Japanese set for rare downbeat Detroit car show
DETROIT (Reuters) - What a difference a year makes.
This time last year, Japanese auto executives asserted confidently they would keep snatching a bigger chunk of the U.S. market as their Detroit rivals executed turnaround plans and prepared further production cuts to match dismal demand.
That seems a distant memory as industry officials descend on Detroit in the coming days for what will be a smaller, far more downbeat North American International Auto Show after U.S. vehicle sales ended 2008 at a 16-year low with even the once-unstoppable Japanese recording sharp declines.
Three of them -- Nissan Motor Co <7201.T>, Mitsubishi Motors Corp <7211.T> and Suzuki Motor Corp <7269.T> -- have pulled out of this year's show altogether, and others are set for a low-key presence. In a departure from past practice, few executives from Japan will attend the show, as hard economic times have made cost-cutting the name of the game.
Even Honda Motor Co <7267.T>, the U.S. market's fifth-biggest brand, will have a booth but no press conference, foregoing an opportunity to play up the debut of its all-important new Insight -- the first of its next generation of low-cost hybrid cars.
"It was out of consideration for the Big Three," said CEO Takeo Fukui, who will skip the annual show for the first time since taking the helm at Honda in 2003.
"The Detroit show is an important one for the United States, but it's the Big Three's backyard and we thought it would be brash to go out there with a bang given the circumstances," he said last month.
The circumstances, indeed, are bleak.
General Motors Corp , Chrysler LLC and Ford Motor Co are bleeding cash at a perilous pace as sales slide. The White House last month offered GM and Chrysler emergency loans of up to $17.4 billion, providing a short-term lifeline on the condition that they undergo a sweeping restructuring.
Ford has sought access to a $9 billion line of credit that it could tap as insurance against the market worsening.
NO MERCY
Still, not a single automaker has been spared the market's collapse.
While faring better than average, Toyota Motor Corp <7203.T>, Honda and Nissan all saw their U.S. sales fall last year to end multiple years of expansion.
Toyota, which had the biggest drop of the three, said it had no idea when the economy would hit bottom, bracing for a tougher year ahead in the United States, its single-biggest market.
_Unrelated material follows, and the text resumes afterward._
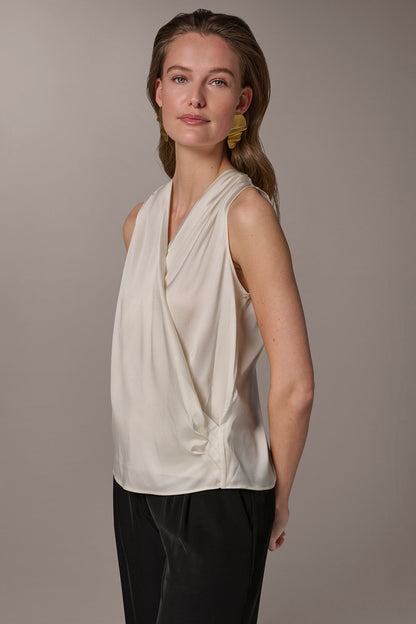 Donna Karan STRETCH-SILK WRAP-EFFECT BLOUSE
With the woes spreading to the rest of the world, Toyota is forecasting its first-ever operating loss for the business year to March 31.
Toyota President Katsuaki Watanabe declined to hazard a guess on what the overall U.S. market would amount to this year, saying only that he hoped it would reach 12.5 million units. Most analysts deem that level optimistic after sales only reached 10.3 million on an annualized rate in December.
"We want to defend our current market share and it would be best if we could top it a bit," Watanabe said in Tokyo this week.
"But more than that, I'm hoping that the market itself would recover, and I have great expectations for the Obama administration to take the necessary steps," he said.
Toyota will unveil two new hybrid cars in a world premiere at the Detroit show: the third-generation Prius and the first dedicated hybrid model for its Lexus luxury brand. Such models would have been an instant hit just six months ago when gasoline hit an all-time high above $4 a gallon, but will do little to help reverse a decline in sales this year, analysts said.
"The timing is horrible," Credit Suisse auto analyst Koji Endo said.
"The market is awful and gasoline is cheap," Endo said. "It's better than nothing, but the momentum toward better fuel efficiency has waned from those days."
National retail gasoline prices averaged $1.68 a gallon last week, according to the Federal Energy Information Administration.
Without an economic recovery or drastic steps to stimulate demand, few expect the sales downward trend to reverse.
"No matter how much we pile on the incentives -- zero percent financing or anything else -- our market share of 6, 7 percent won't move much in these conditions," Nissan Chief Operating Officer Toshiyuki Shiga said this week.
"If the big players like GM and Ford move, then there's a chance that the market will, too. I just don't think the current demand levels will continue -- it's unthinkable," he said.